Pas de Dracula, donc, mais un autre vampire, présenté par le narrateur comme un de« ses disciples », et qui n'apparaîtra dans le film que bien plus tard, le Baron Meinster. Dans la grande tradition du gothique classique, c'est encore une fois parmi les aristocrates de l’Europe centrale que naissent les monstres.

Les images de Fisher et Asher sont de toute beauté, tout comme les décors de Bernard Robinson. Les combinaisons de violet, de vert, d'orangés, étoilant les vitraux, les fenêtres, les colonnades, les balcons de pierre et les cheminées bordées de gargouilles, régalent l’œil en une symphonie de couleurs enivrantes. L'apparition du DVD a certainement participé de la reconnaissance des qualités plastiques des productions Hammer des années 60, enfin visibles dans des copies au format respecté et fidèles à leur chromie flamboyante. Peu de films Hammer, même à cette époque, bénéficient de décors si inspirés et d'une photo si chatoyante. On pense beaucoup aux gammes employées dans La belle au bois dormant, des studios Disney.

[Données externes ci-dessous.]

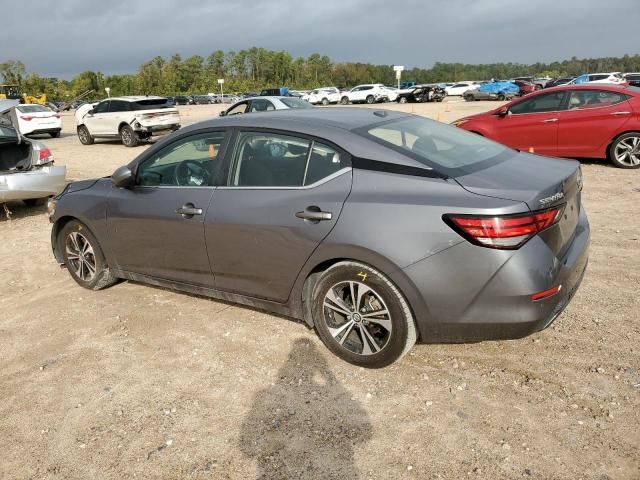 2022 Nissan Sentra SV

Les décors prolongent eux aussi une sensibilité médiévale imaginaire, relevant bien plus de la rêverie que de la citation historique. Le film revisite d'ailleurs en partie les passages du roman de Stoker situés dans le château de Dracula- plusieurs statues de dragon suggèrent d'ailleurs cette filiation possible entre Meinster et le Comte. La vue depuis la fenêtre de la chambre attribuée à l'héroïne, sur celle du fils de la Châtelaine saisit par la beauté de sa construction, par l'imagination du décor, tout en lignes brisées, en murs ouverts faisant communiquer les espaces intérieurs et extérieurs. Ces espaces travaillés s'accordent parfaitement à la mise en scène de Fisher, préférant la plupart du temps un plan fixe permettant d'apprécier la composition dessinée par les lignes du décor, ou décrire les espaces par de lents panoramiques mettant à portée de regard la profusion d'accessoires ou le soin des ornements.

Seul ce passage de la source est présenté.